Wednesday, April 23, 2008

Kim and the Platonist

Had a great email exchange with Dr Cary about Orpheus and the Pearl, and he agreed to let it be published here on my humble blog, in case anyone else might find Platonist philosophy as interesting as zombies. (Well, I clearly do, and it's my blog!) The entry does contain SPOILERS!

Dr. Cary:

Yep, it's Neoplatonist. At least the implicit view of embodiment is: what living human beings really are is corpses moved and governed by souls, so it's sort of accidental whether we breathe, metabolize, and reproduce. By contrast, in an Aristotelian view of embodiment, the soul is the form of a living body, so a body without a metabolism will necessarily be soulless. If it is moved, it will be moved only by external forces like a puppet, and it will not have any sensation, memory, thought or imagination.

Most people, when they first start theorizing about soul and body, come up with some crude form of Platonism, because that's what's built into our inherited soul-body language ever since Plato, including most of mainstream Christianity. But I think the Aristotelian theory, though subtler, actually captures our gut level intuitions better--which explains why the revivified Mrs. Wallston is very creepy indeed.

My problem with the book is that I can't see how any amount of psychotherapy could cure that. So for me the most hideous moment in the book was the conclusion. Dr. Wallston seems to me much more like Dr. Frankenstein than like Orpheus. How do you renew your love life with an animated corpse? I shudder to think.

You can't have the dead back. That's the lesson of the Orpheus myth, as well as of Stephen King's Pet Sematary, one of the few horror novels I've ever read. I don't think fiction gets to cross that line and be convincing. I suppose what this means is: human storytelling has an innate fascination with what it would be like if there was a Gospel of resurrection and eternal life. But the only such story that could carry conviction would be one you could seriously believe is not fiction at all.

Dr. Paffenroth:

Interesting. Perhaps I am more platonist than I let on, because part of the point of the book was that revivification (though the grossly physical Dr Wallston ASSUMES that's where the problem's coming from) really is more incidental to their problems than it turns out. Of course, he's partly and ironically right, in that all their problems stem from some misunderstanding or misuse of physicality - the repeated sexual misconduct of the men in her life. But even that, I would argue, is not finally physical, but about power and trust, so it's not just a matter of him controlling his base urges, it's a matter of him submitting to her and making himself vulnerable to her.

Now, as for having her around at the end, again, maybe it's my own warped outlook, but I don't see their problems as qualitatively different than what any couple faces.

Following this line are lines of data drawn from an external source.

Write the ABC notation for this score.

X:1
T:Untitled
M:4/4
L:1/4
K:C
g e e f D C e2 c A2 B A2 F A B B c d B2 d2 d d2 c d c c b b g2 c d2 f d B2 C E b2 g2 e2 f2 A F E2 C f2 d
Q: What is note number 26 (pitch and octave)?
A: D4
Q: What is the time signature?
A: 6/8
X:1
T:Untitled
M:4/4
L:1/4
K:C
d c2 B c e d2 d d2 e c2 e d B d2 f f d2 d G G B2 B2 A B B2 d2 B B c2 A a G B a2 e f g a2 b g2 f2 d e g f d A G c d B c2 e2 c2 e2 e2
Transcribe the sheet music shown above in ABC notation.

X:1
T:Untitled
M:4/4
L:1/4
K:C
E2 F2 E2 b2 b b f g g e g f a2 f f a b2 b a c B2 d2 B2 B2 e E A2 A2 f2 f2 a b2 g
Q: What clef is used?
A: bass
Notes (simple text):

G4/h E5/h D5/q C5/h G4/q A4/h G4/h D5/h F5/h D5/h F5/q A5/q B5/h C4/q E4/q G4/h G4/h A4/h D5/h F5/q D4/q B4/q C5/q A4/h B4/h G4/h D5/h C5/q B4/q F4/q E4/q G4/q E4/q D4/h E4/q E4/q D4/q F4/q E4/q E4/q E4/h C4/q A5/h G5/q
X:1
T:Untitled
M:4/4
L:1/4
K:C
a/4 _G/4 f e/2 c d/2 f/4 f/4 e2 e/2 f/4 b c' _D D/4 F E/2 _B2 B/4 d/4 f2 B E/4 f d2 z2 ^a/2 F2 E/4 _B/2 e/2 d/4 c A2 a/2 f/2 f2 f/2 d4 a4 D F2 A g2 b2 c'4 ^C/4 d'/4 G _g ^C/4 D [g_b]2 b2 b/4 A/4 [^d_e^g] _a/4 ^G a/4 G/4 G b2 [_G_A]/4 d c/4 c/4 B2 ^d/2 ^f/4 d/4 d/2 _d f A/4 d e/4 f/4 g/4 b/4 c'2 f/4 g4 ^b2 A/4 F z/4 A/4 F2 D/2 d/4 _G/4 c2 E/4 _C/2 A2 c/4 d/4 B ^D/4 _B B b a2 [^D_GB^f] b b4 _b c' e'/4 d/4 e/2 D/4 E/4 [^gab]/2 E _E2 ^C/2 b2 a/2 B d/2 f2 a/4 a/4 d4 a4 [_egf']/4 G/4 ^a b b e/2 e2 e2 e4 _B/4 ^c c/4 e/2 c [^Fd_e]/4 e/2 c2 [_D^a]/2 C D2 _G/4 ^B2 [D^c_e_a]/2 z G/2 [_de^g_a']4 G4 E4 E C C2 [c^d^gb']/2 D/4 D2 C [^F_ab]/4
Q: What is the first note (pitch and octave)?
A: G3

Bodies let us touch and be intimate, but they just as often seem to keep us apart. Or so I have felt, once the overwhelming tide of puberty subsided and I stopped thinking all satisfaction could be found with the body.

Now, if I were to brag about the subtlety, I'd say it's between the two women (and odd you've focused on the man, who almost disappears from the story halfway through - I've noticed male readers [including the cover artist] tend to do that, while women readers focus on Catherine): their relationship, and the healing that can come from it, is much more balanced. It seems totally cerebral (reading books all the time), until the very end, when the final encounter between them is very tactile and erotic. Perhaps it's just vestigial embodiment (I like that phrase!), but I don't see the very sexualized motions of Mrs Wallston and the very maternal response of Catherine as false or empty or as lacking something that the "real" touches between "real" people have. Or so I intended it, at least.

Dr. Cary:

Well, yes--isn't that the switch you mentioned in the preface? You start by creeping us out with this reanimated corpse, and then you switch to a narrative of psychotherapeutic healing. And the Platonist part is really the first, not the second.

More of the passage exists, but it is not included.